=== Data supplied ===
=== Section Start ===
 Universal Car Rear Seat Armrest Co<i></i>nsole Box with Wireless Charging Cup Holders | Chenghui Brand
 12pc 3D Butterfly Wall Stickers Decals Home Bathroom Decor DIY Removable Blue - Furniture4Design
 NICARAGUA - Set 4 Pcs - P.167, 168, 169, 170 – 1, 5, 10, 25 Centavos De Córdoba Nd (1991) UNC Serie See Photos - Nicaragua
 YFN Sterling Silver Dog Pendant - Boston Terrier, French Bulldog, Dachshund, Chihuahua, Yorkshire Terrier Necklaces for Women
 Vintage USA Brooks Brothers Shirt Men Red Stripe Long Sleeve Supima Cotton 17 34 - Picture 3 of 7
=== Section End ===
=== Section Start ===
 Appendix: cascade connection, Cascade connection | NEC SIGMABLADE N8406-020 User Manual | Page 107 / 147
=== Section End ===
=== About this exercise ===
Look in the material above for the line with "12pc 3D Butterfly" and the line with "Vintage USA Brooks", and transcribe exactly those lines and all lines between them, nothing more.

=== Expected answer ===
 12pc 3D Butterfly Wall Stickers Decals Home Bathroom Decor DIY Removable Blue - Furniture4Design
 NICARAGUA - Set 4 Pcs - P.167, 168, 169, 170 – 1, 5, 10, 25 Centavos De Córdoba Nd (1991) UNC Serie See Photos - Nicaragua
 YFN Sterling Silver Dog Pendant - Boston Terrier, French Bulldog, Dachshund, Chihuahua, Yorkshire Terrier Necklaces for Women
 Vintage USA Brooks Brothers Shirt Men Red Stripe Long Sleeve Supima Cotton 17 34 - Picture 3 of 7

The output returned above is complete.